Gece, bir hayal kurdu. Onunla aynı durumda, yalnız kalmaktan bıkmamış diğer insanları düşündü. Her şey böyle başlar diyebilir miyiz? Her şeyin başlangıcının olduğu yerde değil aslında onların hayatları. Onların hayatları değil diğerlerinin merak ettikleri. Bunun bize hayatı anlatmasını bekliyoruz. Hayat bize kendisini ne kadar anlatırsa o kadar biliyoruz. Evet, gece, bir hayal kurdu. Orada kimler vardı?

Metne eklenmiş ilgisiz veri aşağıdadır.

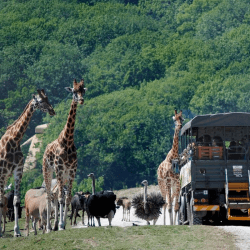 Image showing the Port Lympne Reserve Visit, Truck Safari and Afternoon Tea for Two product.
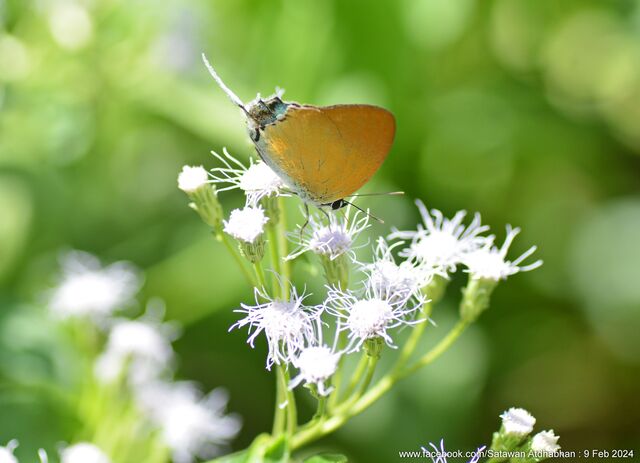 Manto hypoleuca terana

Neden bu kadar sıkıcı hayalsizlik? İşte onu kendine söyleyebilenleri seslerini duymak istiyordu belki de. Tüm sesleri duymak istiyordu. Sonsuzluktan gelen ve daha sonra sonsuzluğa gidecek olan. Onun da bu yüzden inanılmaya ihtiyacı var. Onun da inanmaya ihtiyacı var.
O gece, hayal edilen de hayal etmekle uğraştı. Zamanını sayarken uğraştı. Hayalin bir uğraş olmasının verdiği tatsızlık onun suçu değildi. O yalnızca bunu keşfetmişti. Keşfedeceği hayallere ihtiyacı vardı. Ve biz asla bilemezdik o hayalleri yaratan ihtiyaçları.
Bir başkası daha hayal etti. Kendine verdiği sözlerle daha iyi hayal kurmayı becereceğini düşünüyordu. Daha ne kadar yol alması gerekiyordu? Bu gece buna cevap verecek kimse yok. Kimsesizlik üzerine hayal kurmak gerekebilir.
Hep başkalarının hayatları üzerinde hayaller. Bunu söylemek kolay ama, zorlaştıran hayalcilerin hayatları. Onların hayallerini de umursayan dünyalar var. Ve kimse gerçek hayallerini açıklamayı istemiyor aslında. Bilinemezlik perdesi arkasında kalan bir oyun.
Mutluluk hayalleri olmazsa olmazdır. Onu düşünmeye bu gece kaç kişi başladı? Bu gece dün nerede bitti? Hayalcileri kandıranların kötülükleri düşüncesizlik getirdi dün gece. Ve ondan önceki gece. Ve hep bir önceki olan geceler.
Zayıf bir istekle hayal edilen gerçekler var. Gerçek, hayalin içinde daha mı güzel oluyor? Tek satırla anlatılan hayaller. Zamanı yavaşlatan kurguların hayalleri. Tek tek saymak ne kadar zor hayatın tümünü. O hayatı kapsayan zamanın her bir anını. Zayıf insan bunu yapamaz mı? Zayıflık eksiklik değil ise.
Birbirlerini anladılar gece geçerken. Karanlık herkes içinken. Ve bıktırıcı bir söylemin içinde hayal yoktu. Bıktırıcılık neden bu kadar sıkıcı. Buna bir cevap arayanlar var. Onlar diğerlerinin farkındalar. Biliyorlar. Kendilerine anlatıyorlar hayatı böylece. Böyle yaşıyorlar biraz. Böyle bir hayatı etraflarına yansıtıyorlar. Kimler orada neler görüyor? Kimler görmek istiyor?
Birbirini takip eden gece hayalcilerinin izleri gökyüzünde okunmaz. Okunamaz. Gökyüzünde kimin yüzü insanlara yansır, bilinemez. Herkesin evreni ve herkesin yıldızları. Ne kadar ötede? Ne kadar kayıplar? Ne kadar yaşamsızlar?
Gündüz hayalcilerine ait bir hayat yok. Onlar kayıplar. Yaşamdan uzak tutulurlar. Onları ancak başka biri hayal ettiğinde canlanırlar. Bu bir haksızlık. Bu iyi değil. Ama bu ne kadar gerçek? Onun cevabı hayallerde yok. Kimse cevap vermek istemiyor. Olmayanın içinde kalmak daha mı güzel?
Bir hayal, kurulmaya daha gücü yokken uykunun sesini duydu. Her zamankine benzer. Her zamanda kaybolmak ise bir mecburiyet. Kimse kimseyi kaybolmuş hayalin içinden çıkaramıyor. Ne kötü.